WHAT YOU SHOULD DO: Please copy every line from the following entries in which the word "Apartment" appears.

INFORMATION:
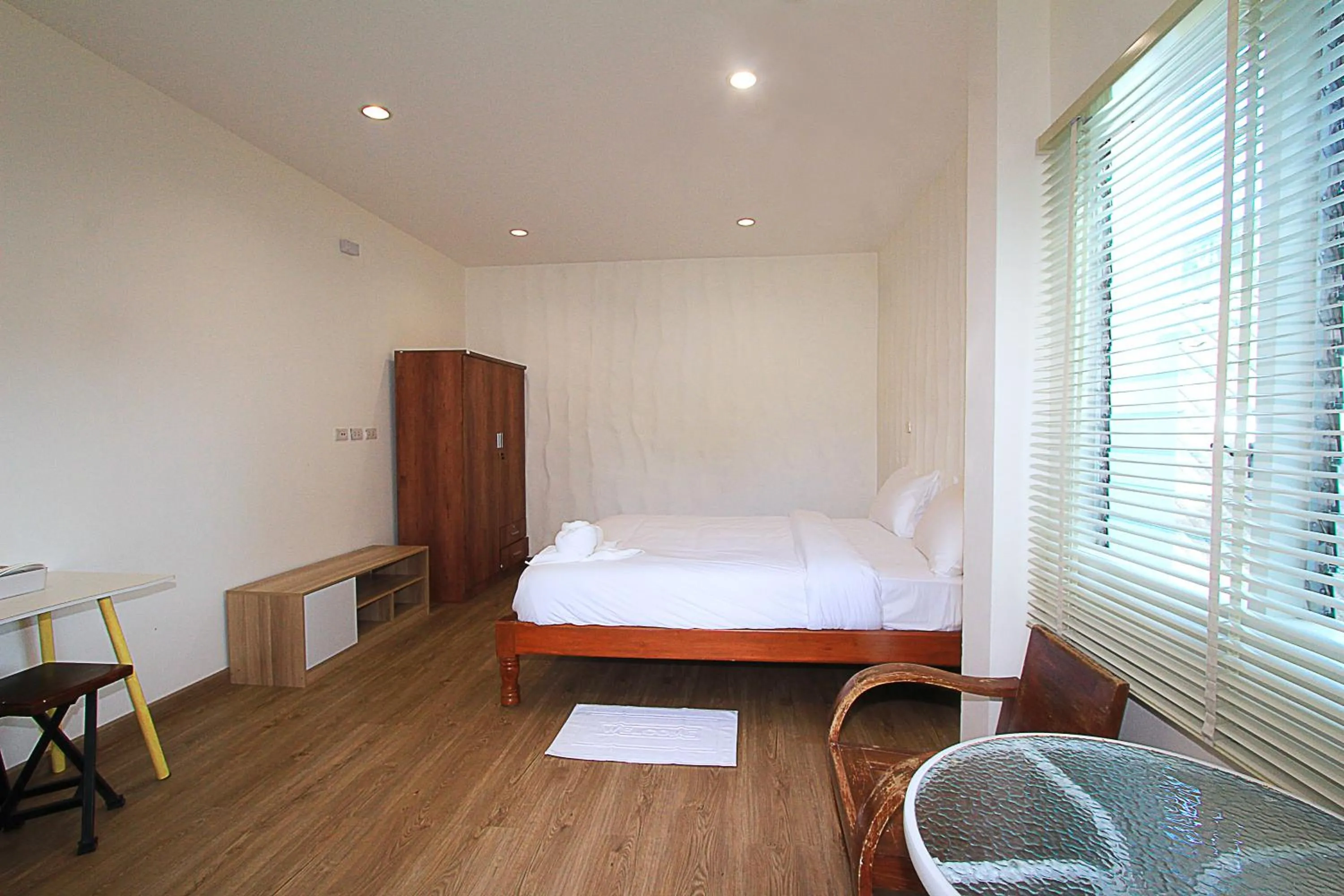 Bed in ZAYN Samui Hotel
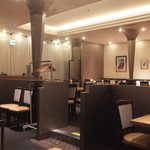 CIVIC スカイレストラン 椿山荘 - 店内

---

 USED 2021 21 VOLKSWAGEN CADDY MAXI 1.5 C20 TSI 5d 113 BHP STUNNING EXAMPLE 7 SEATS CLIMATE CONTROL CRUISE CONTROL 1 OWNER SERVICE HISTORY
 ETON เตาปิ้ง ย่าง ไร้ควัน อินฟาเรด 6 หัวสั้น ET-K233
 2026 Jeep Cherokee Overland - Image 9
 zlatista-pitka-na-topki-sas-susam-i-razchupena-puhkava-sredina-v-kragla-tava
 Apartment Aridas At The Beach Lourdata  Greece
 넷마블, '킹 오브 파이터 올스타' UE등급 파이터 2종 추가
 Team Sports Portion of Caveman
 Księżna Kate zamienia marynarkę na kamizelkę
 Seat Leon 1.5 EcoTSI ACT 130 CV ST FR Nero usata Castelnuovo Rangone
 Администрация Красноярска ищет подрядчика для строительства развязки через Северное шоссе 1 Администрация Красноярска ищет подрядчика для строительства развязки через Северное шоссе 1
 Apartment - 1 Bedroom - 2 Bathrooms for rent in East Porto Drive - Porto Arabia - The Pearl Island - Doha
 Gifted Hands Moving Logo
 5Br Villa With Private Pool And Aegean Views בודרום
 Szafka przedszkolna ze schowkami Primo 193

ANSWER SECTION:
 Apartment Aridas At The Beach Lourdata  Greece
 Apartment - 1 Bedroom - 2 Bathrooms for rent in East Porto Drive - Porto Arabia - The Pearl Island - Doha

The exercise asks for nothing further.